Skip every picture and copy only the lines from the one containing "Ficus benjamina 'Kinky'" to the final line of the records below.

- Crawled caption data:
============

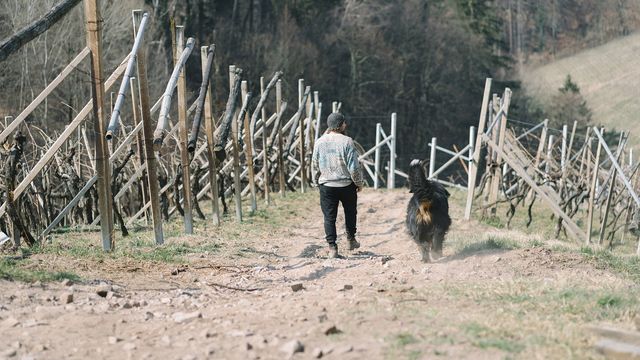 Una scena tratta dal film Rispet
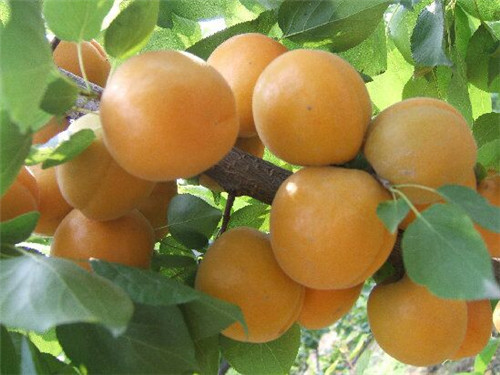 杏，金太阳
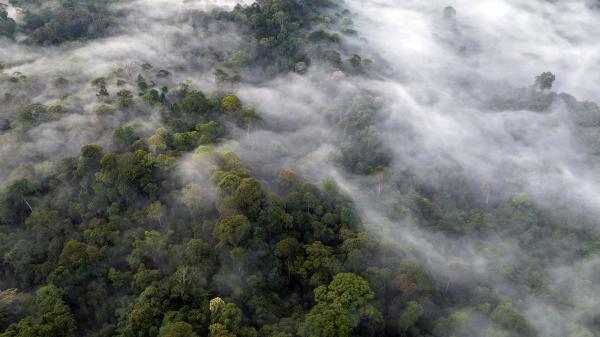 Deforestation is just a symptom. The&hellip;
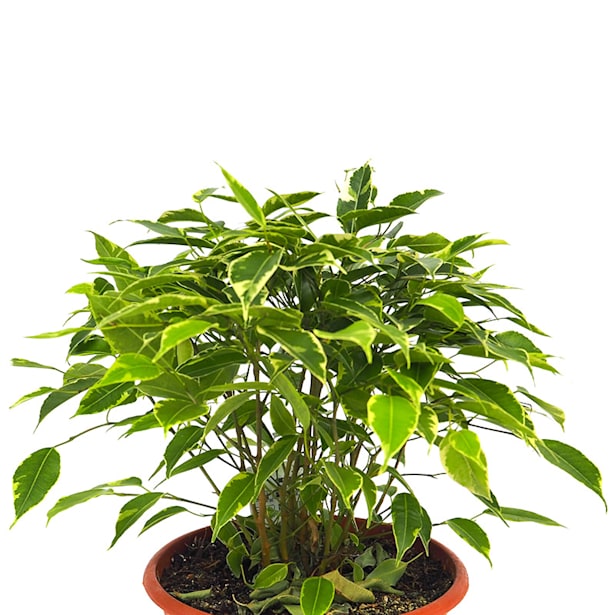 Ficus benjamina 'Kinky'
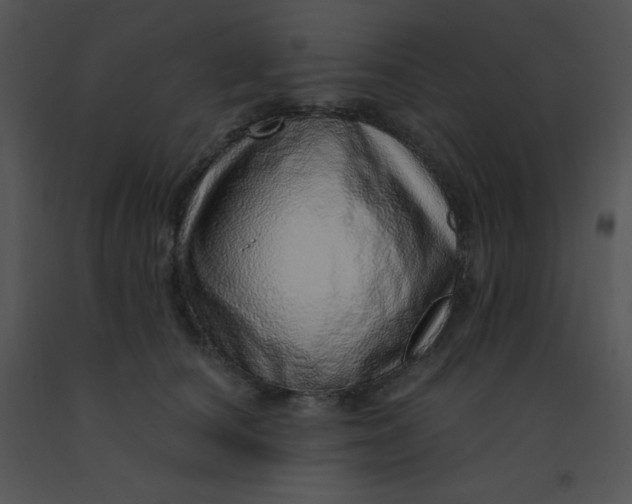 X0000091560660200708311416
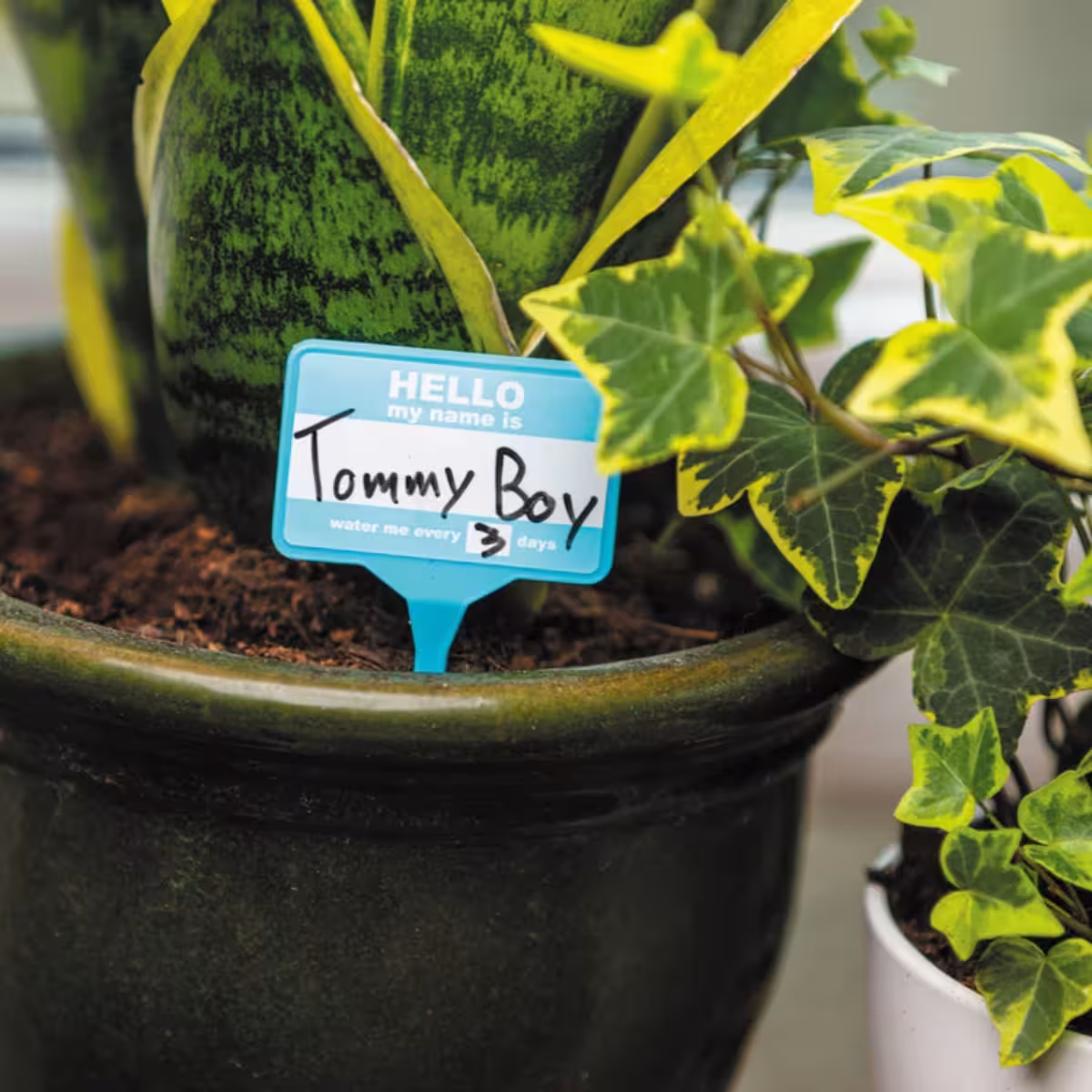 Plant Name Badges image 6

============

- ANSWER FOR THIS EXERCISE:
 Ficus benjamina 'Kinky'
 X0000091560660200708311416
 Plant Name Badges image 6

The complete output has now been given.